Vielen ging das Gesetz, das eine vorherige Beantragung der Reise festschrieb, jedoch nicht weit genug. In einer Umfrage der Nachrichtensendung "Aktuelle Kamera" erklärten DDR-Bürger: „Das ist der größte Käse, den ich jemals gehört habe. Wenn wir reisen, dann alle und dann 365 Tage im Jahr“; „Ich find’s komisch, wieso (...) bloß 30 Tage, und wieso nicht länger…“.

Der Ansturm auf die diplomatischen Vertretungen der Bundesrepublik blieb indessen ungebremst. Die BRD schloss zeitweilig ihre Botschaften sowie die Ständige Vertretung in Ost-Berlin. Die Grenze zur CSSR musste auf Druck der Regierung der CSSR am 3. Oktober geschlossen werden. Als sie einen Monat später wieder öffnete und der Flüchtlingsstrom erneut einsetzte, ließ die DDR-Regierung 6.000 Bürger über die bundesdeutsche Botschaft in Prag in die BRD ausreisen. In den folgenden Tagen wählten zahlreiche DDR-Bürger ebenfalls diesen Weg:

„Die Ausreise von DDR-Bürgern über die CSSR hält an. Nach Angaben des Innenministeriums in Prag sind vom Sonnabend bis heute Mittag zwölf Uhr 23.200 Bürger über die CSSR in die BRD ausgereist“, war in der „Aktuellen Kamera“ vom 6. November 1989 zu hören.

Am 9. November beriet das Ministerium des Innern erneut über das Problem der Ausreise und bezog dieses Mal auch die Besuchsreisen in ihre Beratungen ein. Es wurde eine Ministervorlage erstellt, wonach jeder DDR-Bürger, auch ohne Vorliegen von Verwandtschaftsverhältnissen oder besonderen Anlässen, Privatreisen beantragen könnte. Die Genehmigungen sollten kurzfristig erteilt werden. Nur besonders schwerwiegende Gründe sollten eine Ablehnung rechtfertigen. Visa für die ständige Ausreise sollten ab sofort erteilt werden. Die Sperrfrist für die Verkündigung der Vorlage wurde auf den 10. November um 4.00 Uhr festgesetzt. Auf der Pressekonferenz zum Verlauf der 10. Tagung des Zentralkomitees der SED  am 9. November verlas Günter Schabowski in Unkenntnis der Sperrfrist jedoch den Inhalt des neuen Gesetzes und antwortete auf die Frage eines Journalisten, wann die neue Regelung in Kraft träte: „ab sofort, unverzüglich“.

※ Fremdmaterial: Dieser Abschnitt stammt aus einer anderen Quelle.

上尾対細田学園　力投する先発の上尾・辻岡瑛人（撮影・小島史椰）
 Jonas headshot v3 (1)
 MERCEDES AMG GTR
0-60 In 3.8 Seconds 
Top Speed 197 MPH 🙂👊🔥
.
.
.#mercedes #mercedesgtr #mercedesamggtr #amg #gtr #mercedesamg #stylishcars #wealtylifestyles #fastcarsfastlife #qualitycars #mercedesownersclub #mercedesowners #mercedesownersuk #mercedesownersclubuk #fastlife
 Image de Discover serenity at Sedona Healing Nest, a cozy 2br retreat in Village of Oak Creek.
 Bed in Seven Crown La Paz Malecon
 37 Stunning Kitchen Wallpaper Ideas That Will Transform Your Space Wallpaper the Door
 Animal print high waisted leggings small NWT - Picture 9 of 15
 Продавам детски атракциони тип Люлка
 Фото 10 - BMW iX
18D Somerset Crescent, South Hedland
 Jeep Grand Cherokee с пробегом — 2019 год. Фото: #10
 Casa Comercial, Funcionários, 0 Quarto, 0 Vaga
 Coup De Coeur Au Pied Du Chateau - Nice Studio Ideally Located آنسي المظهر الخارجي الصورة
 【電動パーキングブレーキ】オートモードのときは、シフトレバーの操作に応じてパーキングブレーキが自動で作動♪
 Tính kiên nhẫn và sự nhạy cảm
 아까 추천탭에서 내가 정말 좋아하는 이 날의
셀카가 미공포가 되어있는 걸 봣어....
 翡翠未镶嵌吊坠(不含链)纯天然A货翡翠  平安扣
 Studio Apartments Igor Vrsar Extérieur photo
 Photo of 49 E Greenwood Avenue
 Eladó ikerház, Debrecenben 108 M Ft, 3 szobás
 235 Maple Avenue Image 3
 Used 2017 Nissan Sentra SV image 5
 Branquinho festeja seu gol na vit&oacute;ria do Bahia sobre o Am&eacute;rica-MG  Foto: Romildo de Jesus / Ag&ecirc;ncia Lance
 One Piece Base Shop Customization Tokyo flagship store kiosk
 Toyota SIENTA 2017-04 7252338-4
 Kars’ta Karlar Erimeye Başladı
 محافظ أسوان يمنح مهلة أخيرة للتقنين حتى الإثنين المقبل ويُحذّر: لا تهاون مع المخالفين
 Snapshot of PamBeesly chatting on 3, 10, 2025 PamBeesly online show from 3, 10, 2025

Wenige Stunden später strömten Zehntausende von DDR-Bürgern über die Grenze nach Westberlin und in die Bundesrepublik.

Literatur

Hertle, Hans-Hermann: Chronik des Mauerfalls. Die dramatischen Ereignisse um den 9. November 1989, 6. Aufl., Berlin 1997.

Mayer, Wolfgang: Flucht und Ausreise. Botschaftsbesetzungen als Form des Widerstands gegen die politische Verfolgung in der DDR, Berlin 2002.

Schultke, Dietmar: „Keiner kommt durch“. Die Geschichte der innerdeutschen Grenze 1945 – 1990, Berlin 1999.